Recent therapies have improved control of amyloid production, but Immutrin argues that they do not adequately remove pre-existing deposits. Its thesis is that directly clearing established fibrils may be critical to restoring organ function and improving longer-term outcomes.

Its differentiation lies in being built specifically around an antibody designed to selectively and exclusively bind established amyloid fibrils and promote their removal. That makes it a more targeted depleter strategy than approaches focused mainly on upstream suppression of transthyretin production or stabilization of the transthyretin protein.

ATTR cardiomyopathy is a serious and progressive form of amyloidosis with major unmet need, especially in patients who already carry substantial amyloid burden in the heart. That makes it a logical first indication for a therapy designed to remove existing deposits.

Immutrin is a private preclinical or very early clinical-stage biotech. Public materials say its new financing will take the lead program through clinical proof of concept, which indicates the major value inflection is still ahead rather than already established.

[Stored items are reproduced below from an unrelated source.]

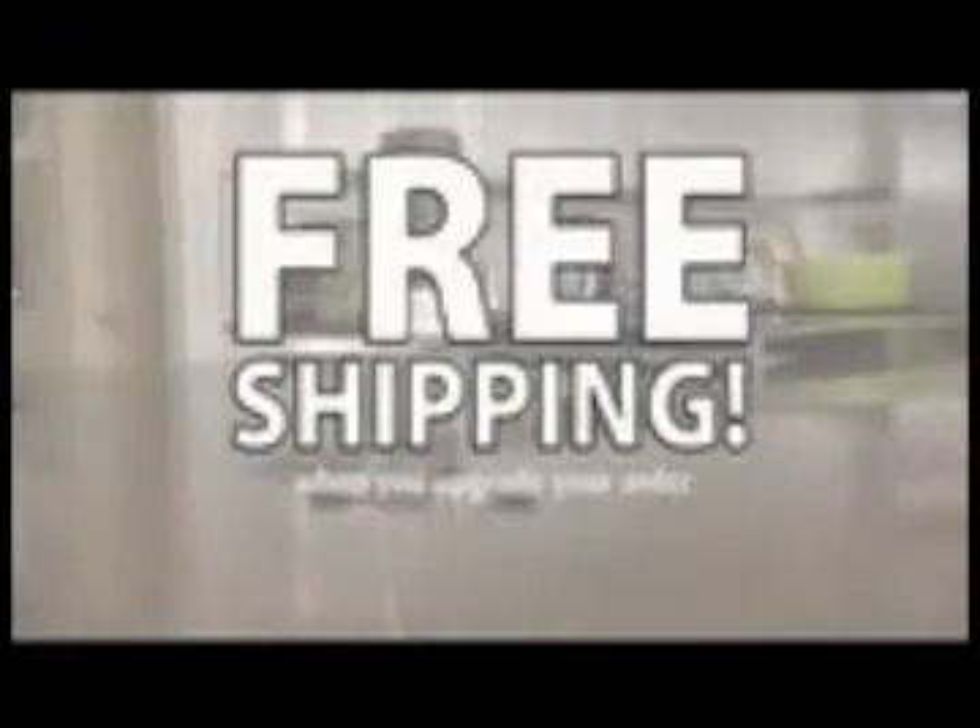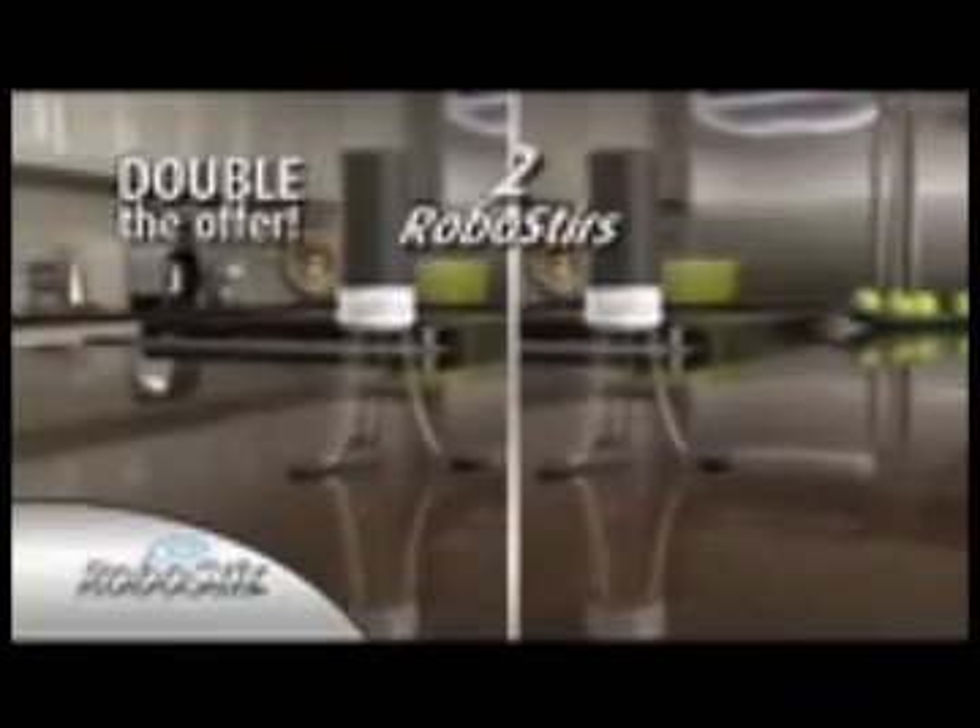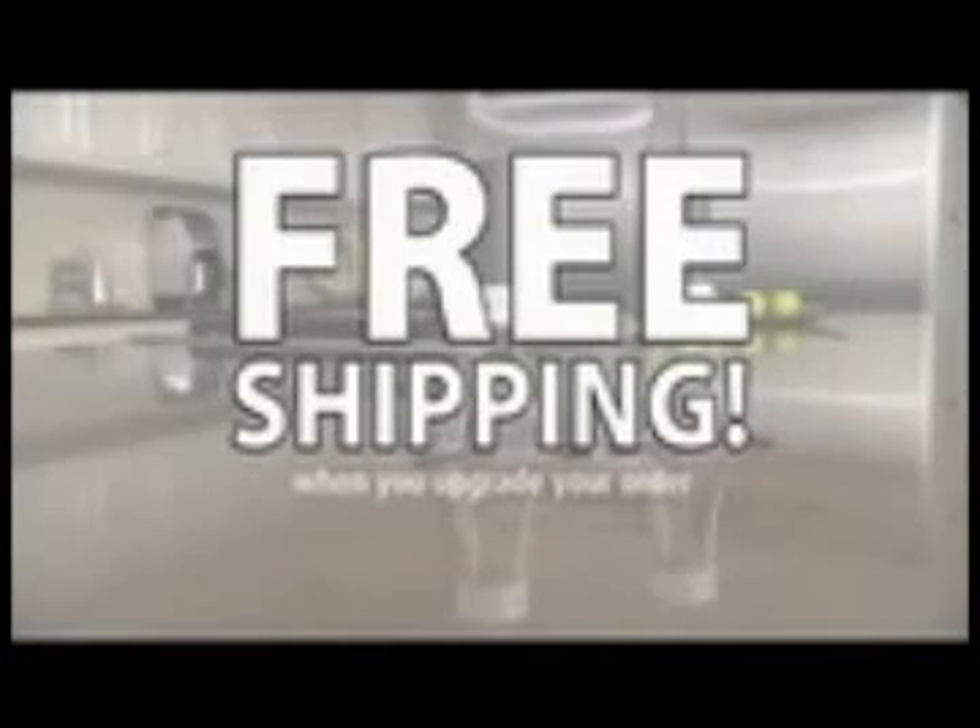The award-winning RoboStir sells for $40 in Europe but call now and get yours for just $10. Order now and find out about free shipping. As a bonus we'll double the value to two RoboStirs and also include the Scoop and Strain — the ladle with built-in straining grid — just pay separate processing. That means you get two RoboStirs and the Scoop and Strain, an $80 value, all for just $10. Call right now and find out about free shipping.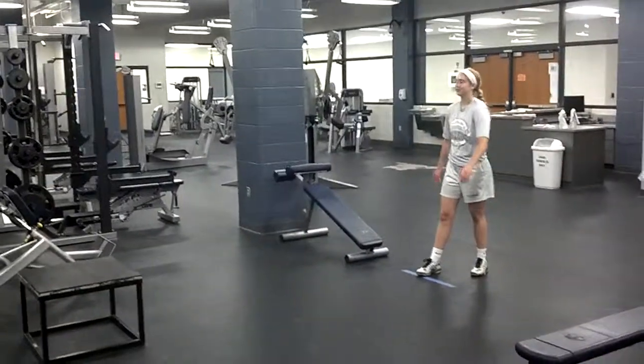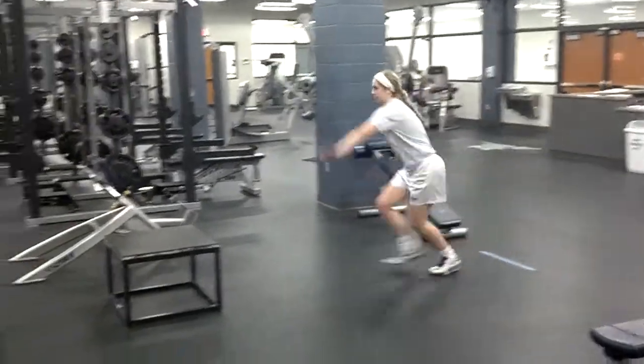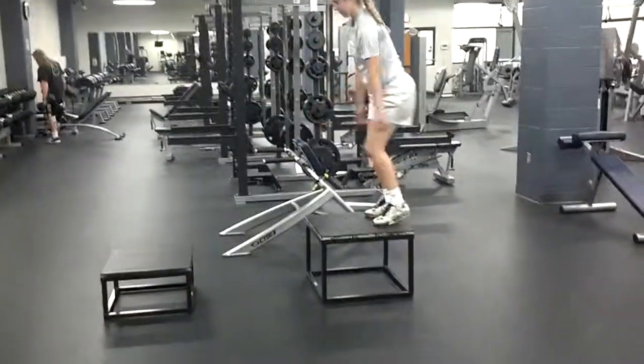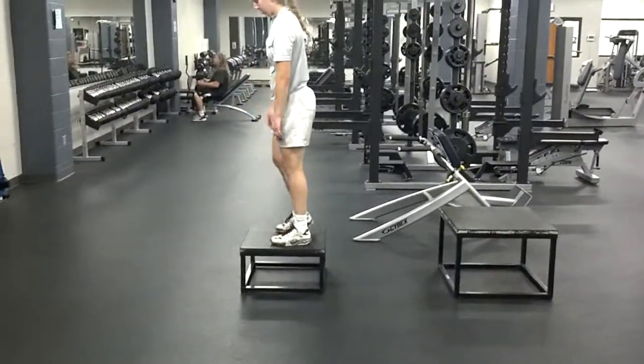These are the approach slash depth jumps. Naomi's going to start with a three-step approach to a high box — that's an 18 or 24-incher. And she's going to drop off, get deep into a block, jump up to a lower box, which will be a 12 or an 18.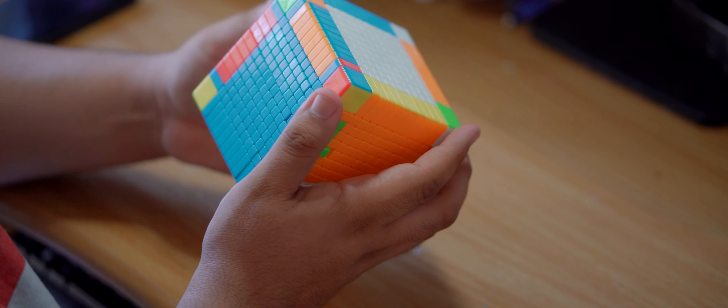The shades on this puzzle look absolutely incredible. You can't go wrong with these shades — they're very well made. They have the same Mofang Jiaoshi color scheme we've seen from the 2 by 2 all the way up to the 11 by 11. It's got vibrant reds, very nice blues, good oranges, greens, whites, and yellows — all the good stuff we've come to expect from Mofang Jiaoshi.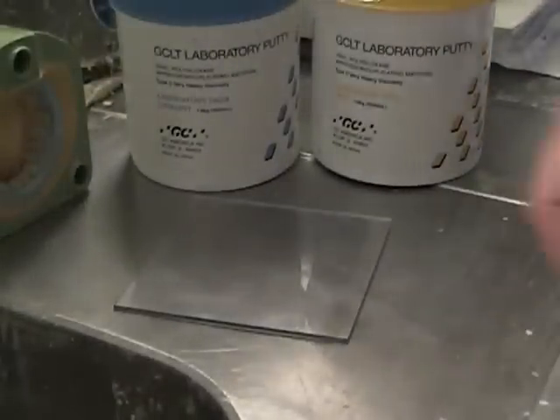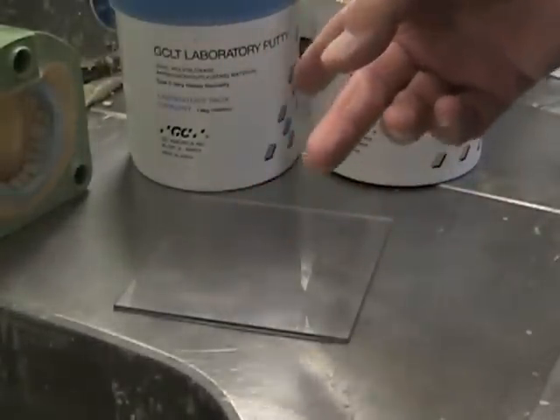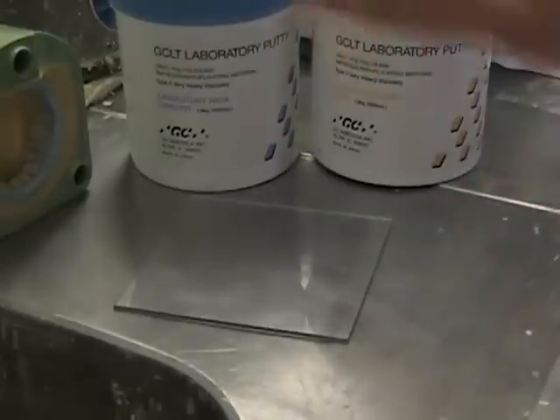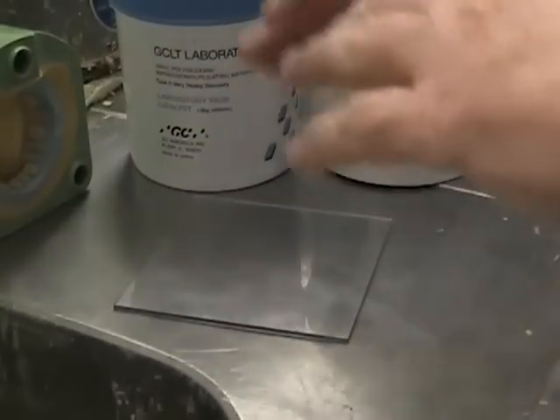So you use laboratory putty — I'm using the GC laboratory putty, the GCLT. I like the shore hardness; it works great. This video is not so much about the material itself, but about how to manipulate and how to use the material.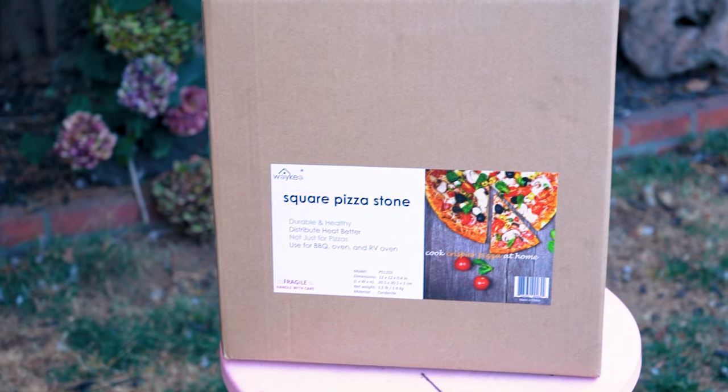I picked up this 12 by 12 pizza stone on amazon.com. It's made by a company called Waykia — I guess that's Ikea for the far east. It's advertised as 12 by 12 and a 0.4 inch thickness. Let's break it out of the box and see if it's a direct replacement for the Bighorn.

The main watchpoints are disclosure of the lead antibody’s identity and data package, progress into the clinic, any evidence that amyloid clearance translates into functional benefit, and whether Immutrin can stand out in a more crowded ATTR landscape. The caliber of its Series A syndicate is a positive signal, but the company still needs human proof of concept.

The pipeline is defined primarily by amyloidosis, especially transthyretin amyloid cardiomyopathy, with broader relevance to systemic amyloid diseases if the company’s amyloid-depleting antibody approach proves transferable across indications.